Энрико Карузо: легенда одного голоса | страница 2
Лето 1919 года в Италии выдалось беспокойное, хотя почти год прошел с того времени, как кончилась война. После ряда бунтов, вызванных голодом, весь народ выступил против власти и начались те волнения, которые через два года привели к походу на Рим[1]. Беспорядки охватили даже наш маленький городок Синья, находящийся в сорока милях от Флоренции, который до войны славился особым трудолюбием жителей. Муж чины всегда допоздна работали на виноградниках, выращивая гроздья для приготовления знаменитого вина «Кьянти». Женщин и девушек нельзя было увидеть без пучка соломы в одной руке и ленты в другой: они делали известные во всем мире изящные итальянские соломенные шляпки.
И вот теперь шестьсот разъяренных крестьян, голодных и злых, сломали железные ворота, ворвались в наш дом и потребовали хлеб, вино и оливковое масло, хранившиеся в кладовых. Энрико принял их вожака и попросил его предъявить документ на обыск. «Мэр — это мы», — услышал он ответ. Энрико не стал спорить, а лишь попросил оставить нам одну повозку и пищу на десять дней, по прошествии которых мы должны были отплыть в Америку. Крестьяне собирались забрать и нашу домашнюю птицу, но Энрико рассказал им о моей белой паве, которая сидела на двенадцати яйцах и должна была вывести птенцов в тот день. «Синьора такая же крестьянка, как и мы», засмеялись они и даже не подошли к птичнику. Погрузив масло, вино и зерно на телеги, они уехали. Все эти продукты были проданы за бесценок голодающим.
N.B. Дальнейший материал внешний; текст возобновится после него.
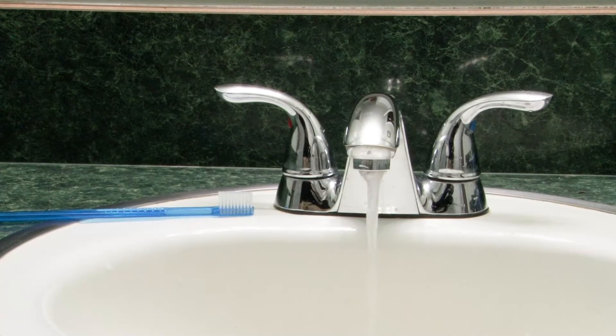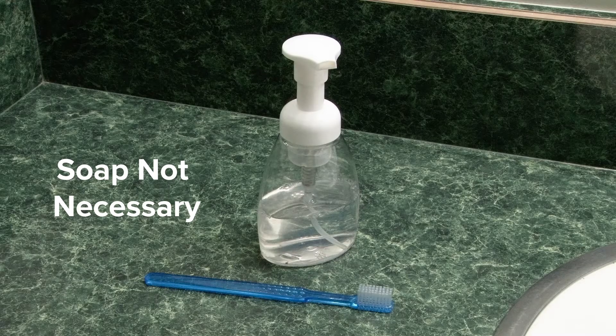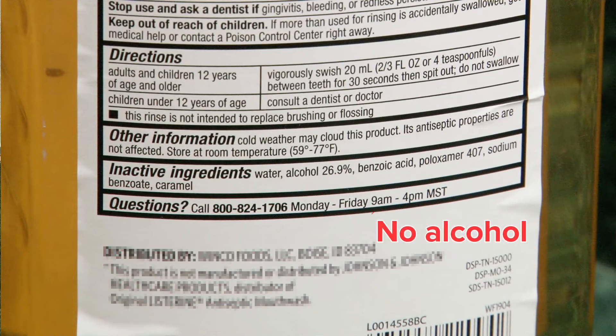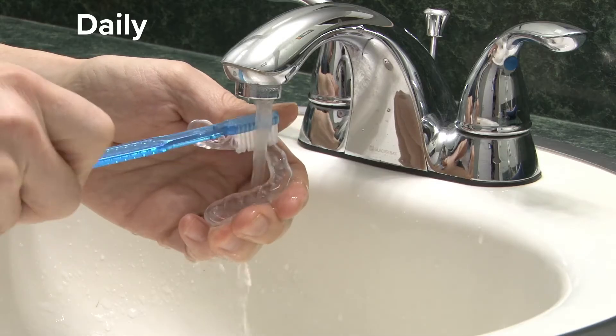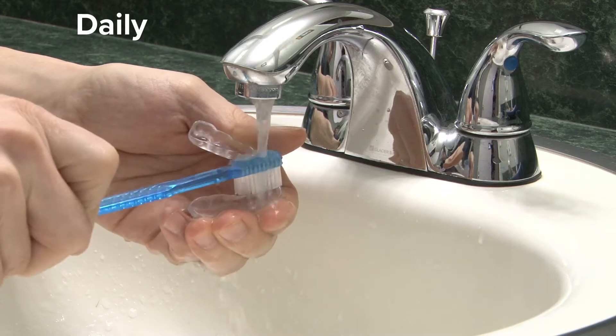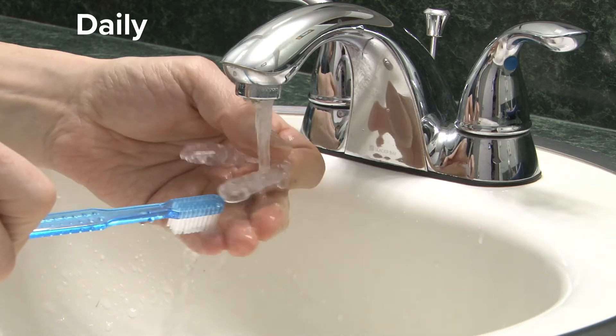For the daily quick clean, you really only need a toothbrush and some cold water. Additionally, you can use some non-abrasive soap, but that typically isn't necessary if you follow the recommended cleaning schedule. What's important is that you don't use any alcohol-based mouthwash when cleaning your night guard. You'll want to make sure you brush the entire surface on both sides — this includes the side that fits over your teeth, as well as the smooth side.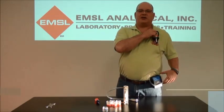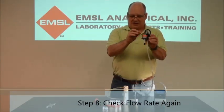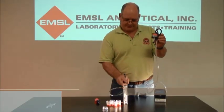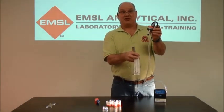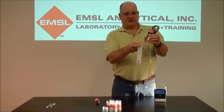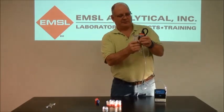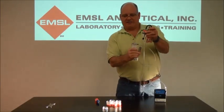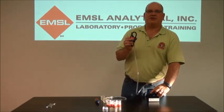At the end of the sampling period, take the pump and check the flow rate again. Make sure you write the flow rates down when you check them in your chain of custody. Attach the adapter and check the flow rate again, then take it off. Turn the pump off — the Libra is turned off by holding the power button down for five seconds.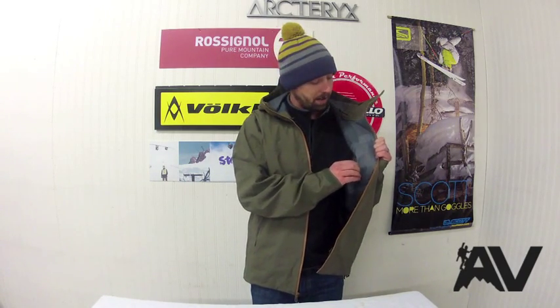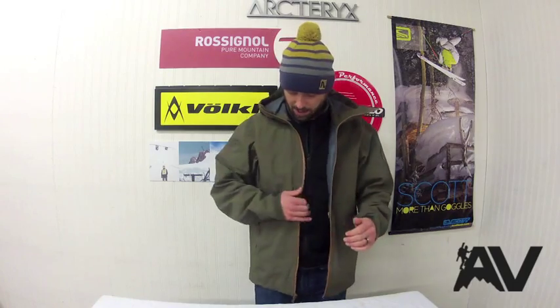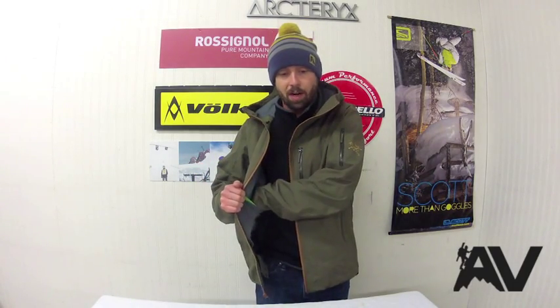Moving to the inside of the jacket, there's a nice little fuzz lining. It's not insulated but it has a nice feel and isn't rough on the skin. You've got a media pocket on the left and a goggle/glove pocket on the right. Additionally, it comes with the slide and lock snap system on the powder skirt, which is a seamless integration with the Arc'teryx Saber Bib to keep that extra snow out on deeper powder days.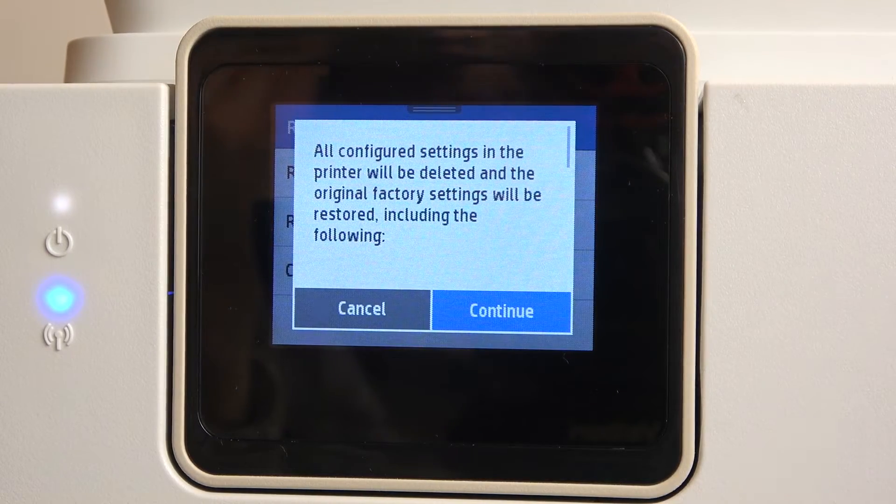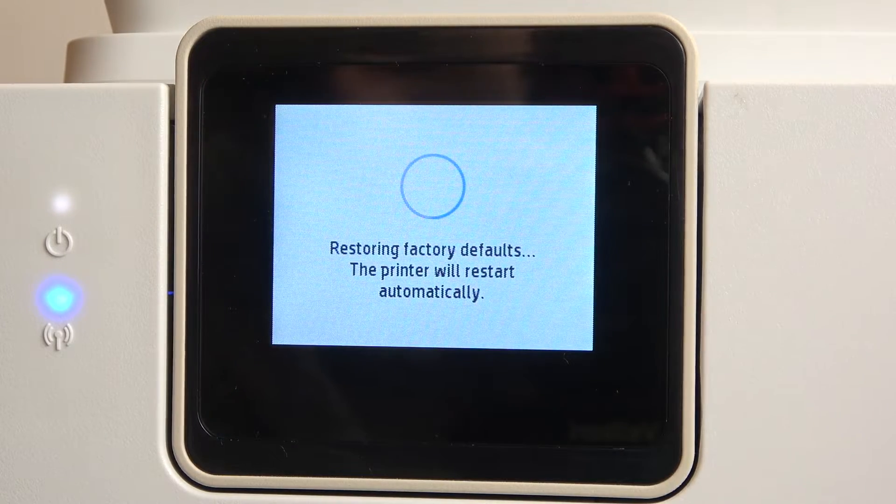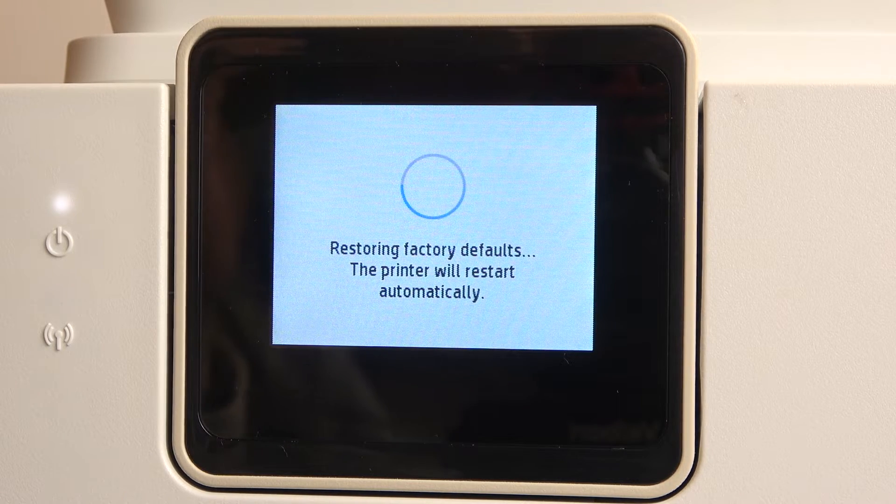So click Restore Settings, click Continue, then Restore Factory Settings. The printer will restart automatically, so now we just need to wait a while.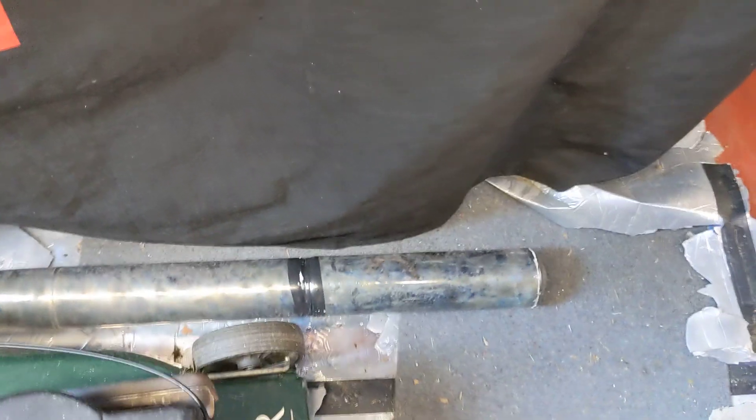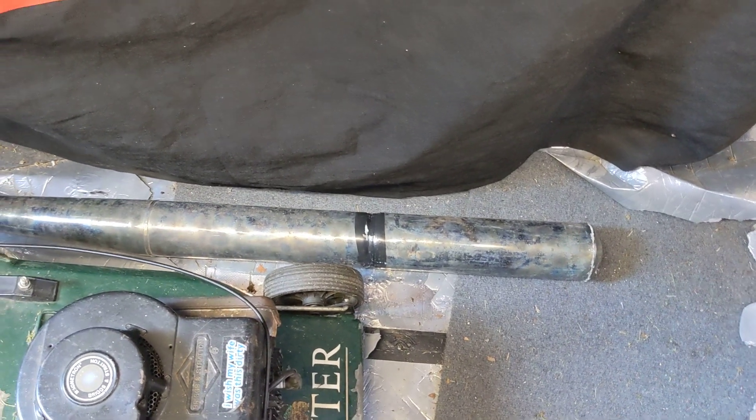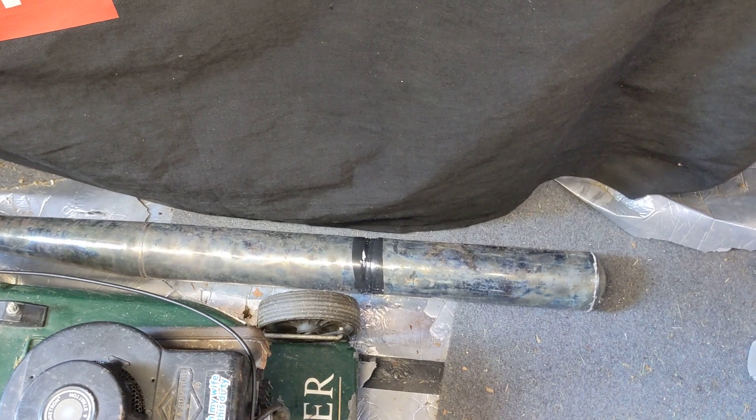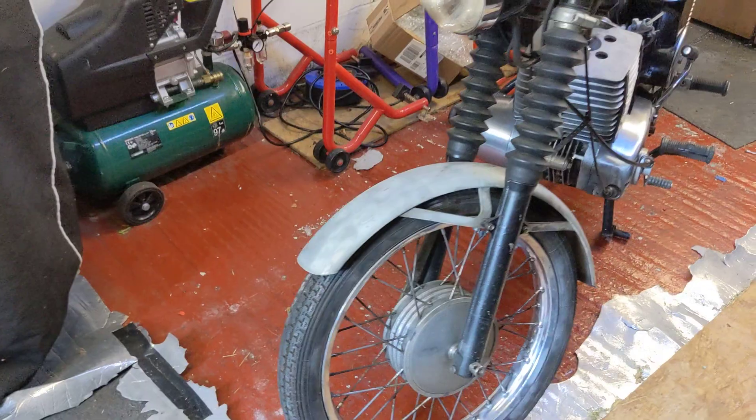The chrome or whatever it is has come off and it's not in particularly good shape. It's a good second pipe for the bike — if I welded that up, maybe painted it black or something. But I was just going to put it back on the bike to see if that's what it was. I don't think it is — I think it was just lack of fuel.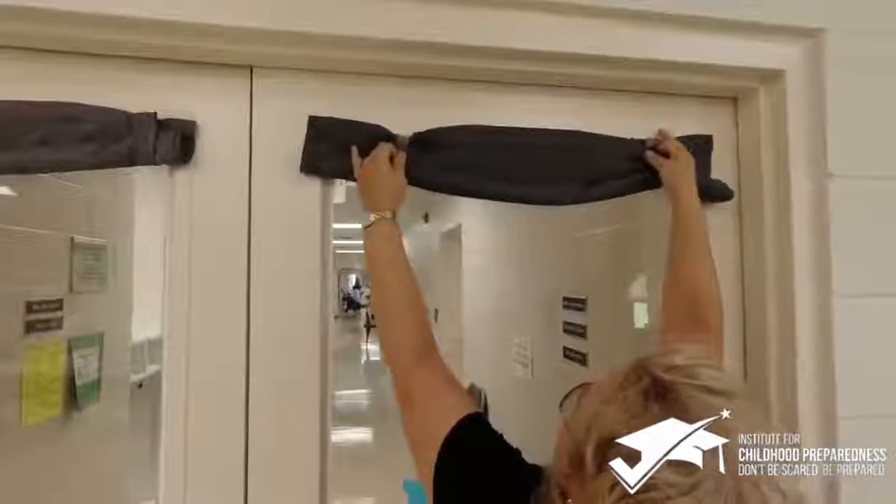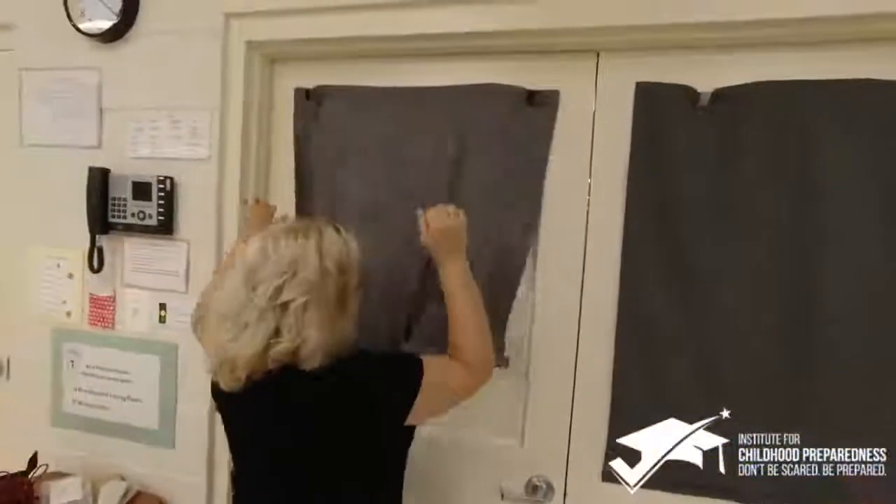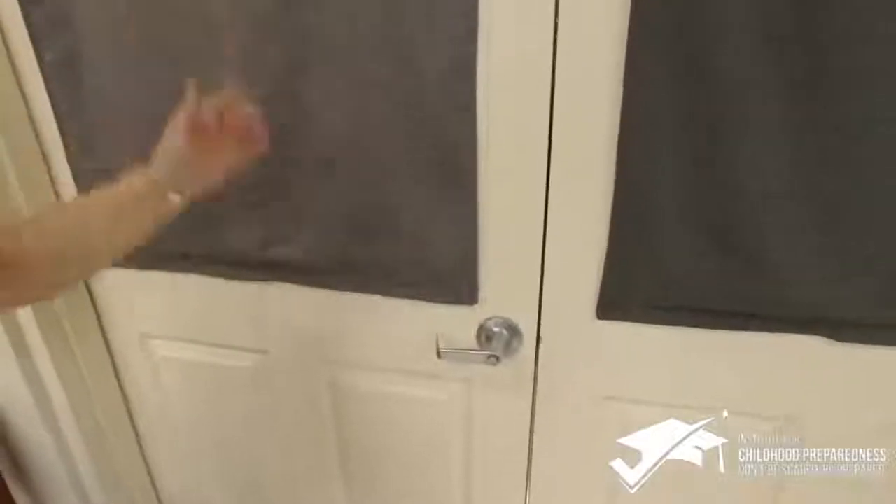You simply undo the velcro and they cover our window. We have blackout shapes and the magnets are sturdy enough — they flip right on there. Voila!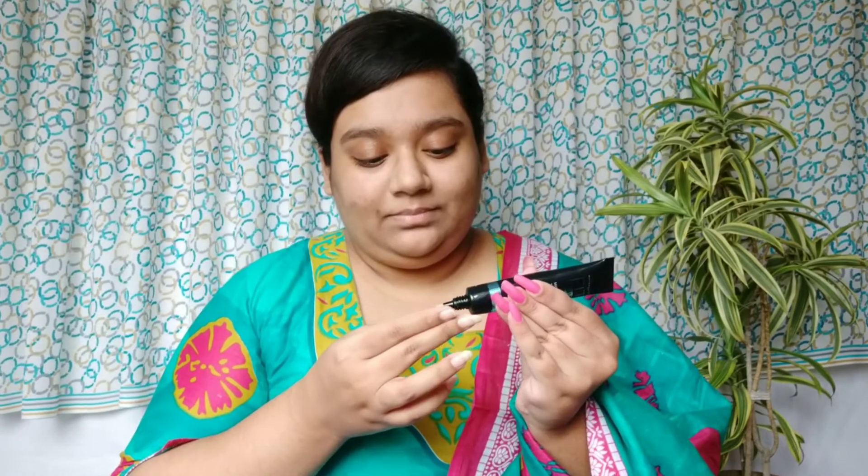I'm starting off with my base first and for that I'm using the Maybelline Fit Me Matte Plus Poreless primer. The Maybelline one is basically a matte pore-filling primer. I also want a really nice glow on my face today, so I'm using this Swiss Beauty Real Makeup Base in the shade Golden Tint — I'll also use it on my face for a really nice fresh glow.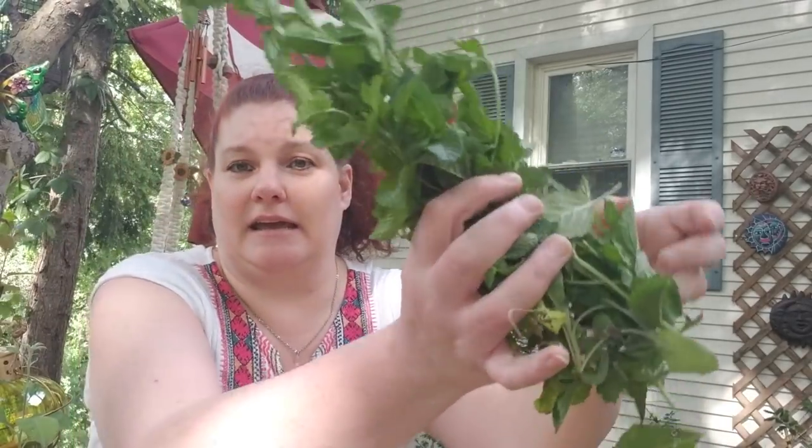Mint is one of the easiest herbs to grow. It recreates itself very easily. I have my regular garden mint, which I just clipped off a teeny bit of what I could see today — it's this huge fairy ring of garden mint.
Позднее мы получили небольшой мешочек с медными монетами (стоимость наших продуктов) и с запиской со словами благодарности и сожаления о случившемся.
Зная выдержку и находчивость Энрико, я не особенно боялась того, что происходило. Двумя неделями раньше я уже имена возможность убедиться в его хладнокровии.
Среди ночи наши свирепые псы, охранявшие виллу, начали выть, подобно волкам. Через десять минут мою кровать сильно качнуло. Я включила свет и увидела, что стены покосились. Энрико крикнул мне:
— Дора, встань у косяка двери. Там стена прочнее. Это землетрясение!
Мы молча стояли и слушали, как в доме с шумом падают вещи. Потом он добавил:
— Потолок и пол могут обрушиться, но дверной пролет останется цел. Может быть, хочешь выйти в сад?
Я представила, как разверзается земля, и ответила, что предпочитаю остаться в доме. Присутствие Энрико придавало мне сил. Мы отлично понимали друг друга без слов. Без них даже лучше. После землетрясения прошел сильный ливень. Во Флоренции оказались разрушены целые кварталы домов, а наша вилла осталась целой, если не считать покосившихся окон и дверей. На следующее утро мы обнаружили, что земля в саду вокруг кипарисов усеяна трупами птиц, убитых градом.